Bothell woman sentenced to three years in prison for embezzlement

About 306 fraudulent checks cashed totaling $400,526.

Erin McCauley (also known as Erin Charles) was sentenced to three years in prison and five years of supervised release for a five-year scheme of cashing 306 fraudulent checks totaling $400,526, according to the U.S. Attorney’s Office.

The sentence was given on June 28, after the Bothell woman was found guilty of bank fraud and aggravated identity theft for cashing the checks that drew on the bank accounts of her Lynnwood property management employer.

The company managed a number of commercial properties and was owned by a couple who hired McCauley in 2004 to help with bookkeeping.
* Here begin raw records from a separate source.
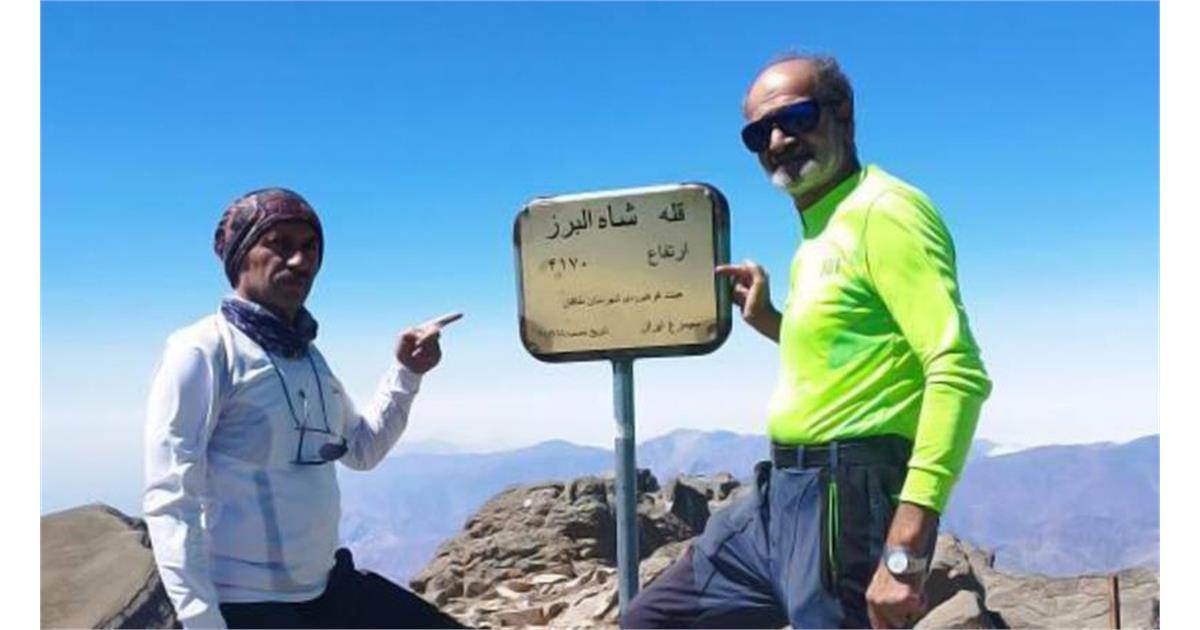 صعود دو کوهنورد و پیشکسوت همدانی به قله ۴۱۷۰ متری شاه البرز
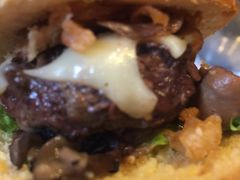 蘑菇味狠浓牛肉汉堡-bluefrog蓝蛙(水游城店)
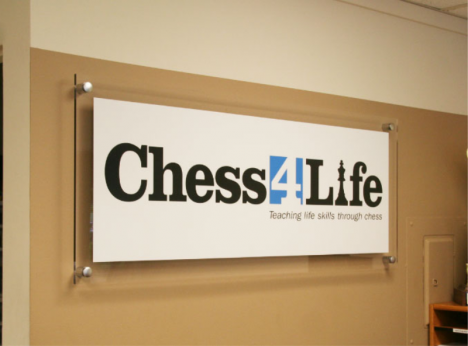 Bảng Hiệu Kính Văn Phòng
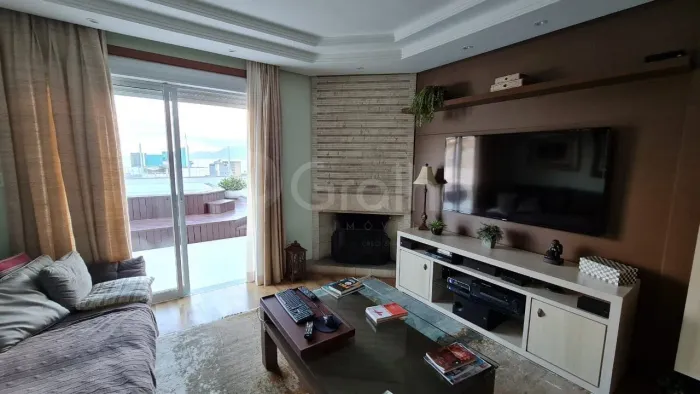Cobertura de 176m² com 2 quartos sendo 1 suíte no Centro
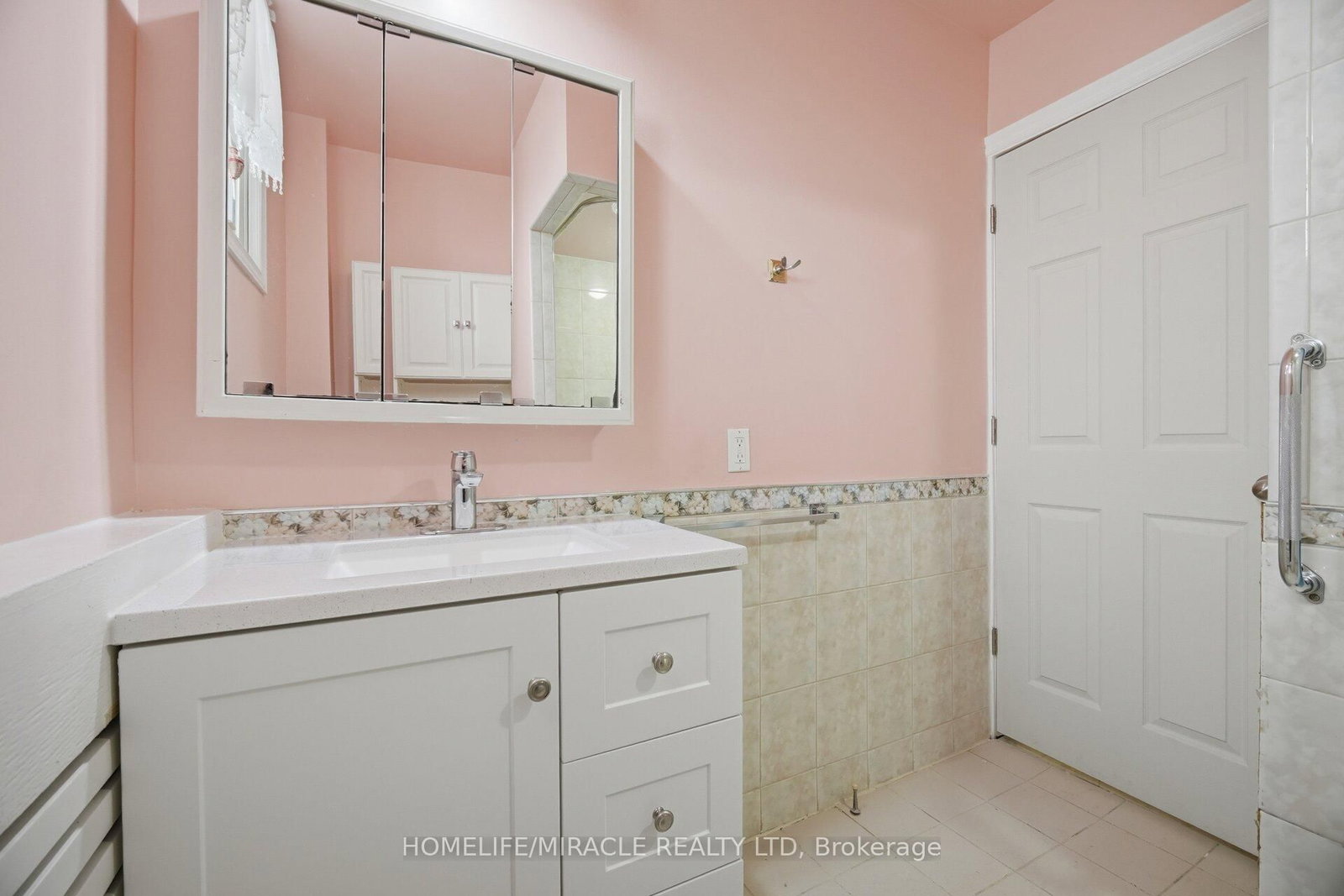 25 Hope Avenue • Hamilton, ON photo 18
In 2012, McCauley began writing large checks to herself and forging the owners’ signatures.

“She stole a significant amount of money from a small company and it greatly impacted that business,” Chief U.S. District judge Ricardo S. Martinez said at sentencing, according to a press release.

McCauley had earned her employers’ trust, as the couple entered their 60s and 70s, and they gave McCauley gifts and helped with her car and house payments. In 2017, the couple loaned her $8,000 for home repairs — a loan that was repaid with some of the $400,000 that was stolen from their own accounts.

When the couple became aware of the theft, they worked with the FBI to see if McCauley would admit the embezzlement. McCauley underestimated the amount of money she had embezzled, and acknowledged much of the money had gone to feed her gambling addiction.

“[McCauley] wanted money that she did not have in order to live a lifestyle should could not afford, “ prosecutors wrote to the court. “To do so, she took advantage of her position as the trusted office manager and bookkeeper for the [couple] and used their business accounts as her personal piggybank to fund the lifestyle she wanted to live.”